[WHAT IS EXPECTED]
Repeat the data verbatim, images excluded.

[DATASET EXTRACT]
· · ·

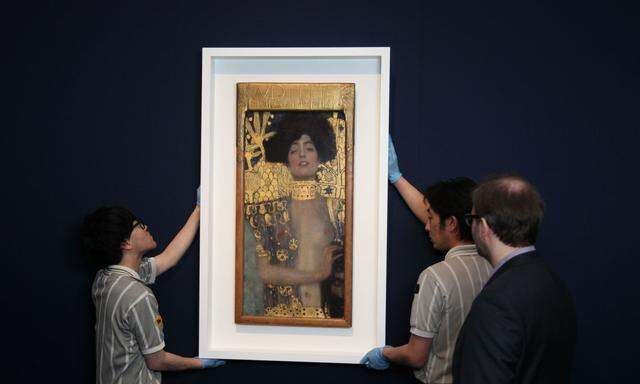 Klimts „Judith“ prangt in den Straßen auf Plakaten – und wird hier gerade im Museum aufgehängt.
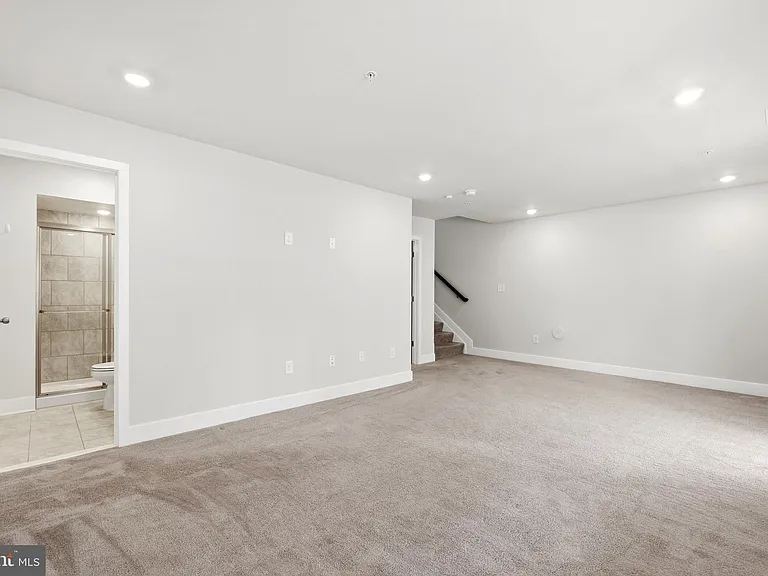 23622 Highliner Way — Photo 7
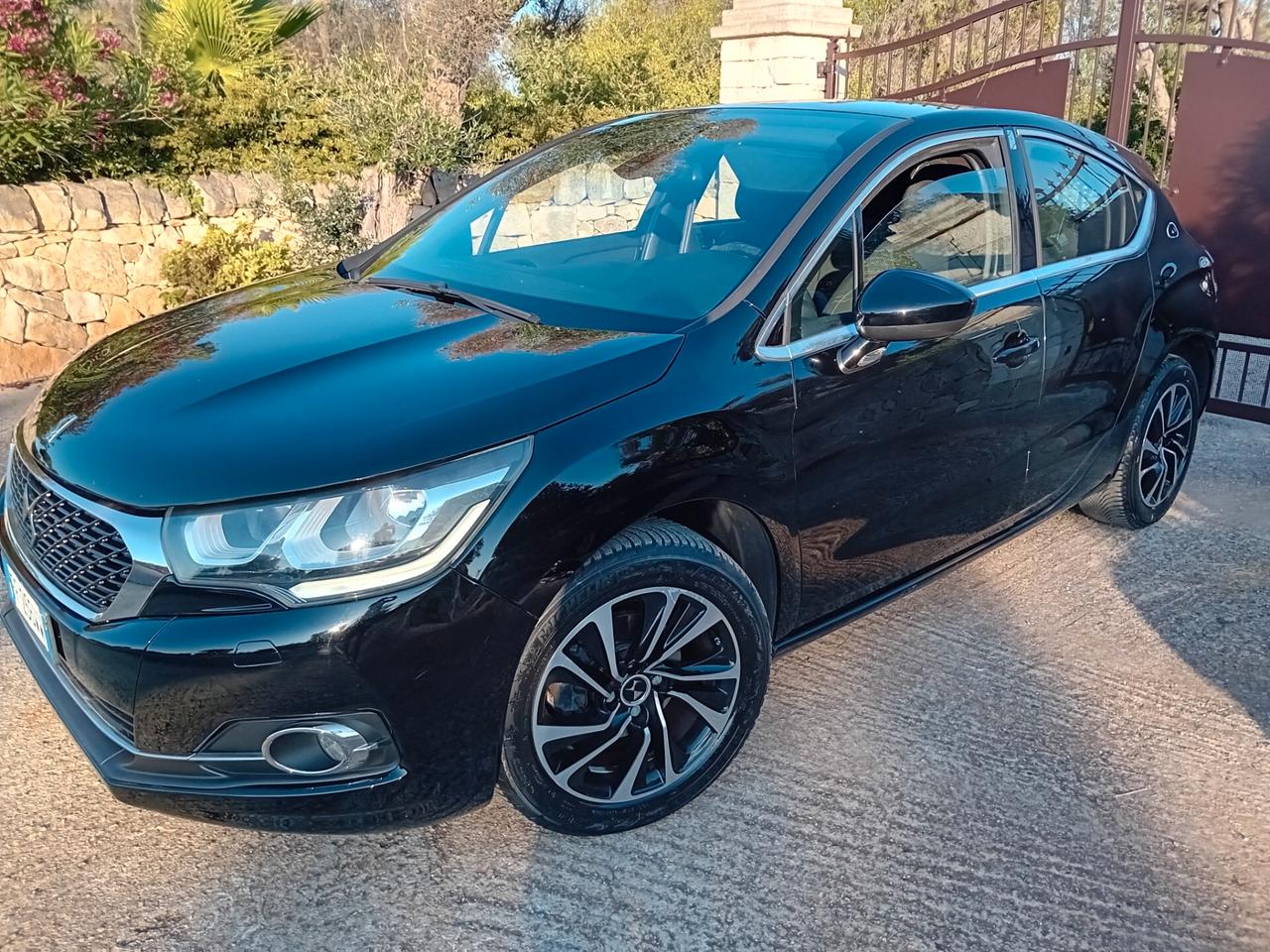 Ds DS4 4 BlueHDi 120 S&S Business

· · ·

[EXERCISE ANSWER]
 Klimts „Judith“ prangt in den Straßen auf Plakaten – und wird hier gerade im Museum aufgehängt.
 23622 Highliner Way — Photo 7
 Ds DS4 4 BlueHDi 120 S&S Business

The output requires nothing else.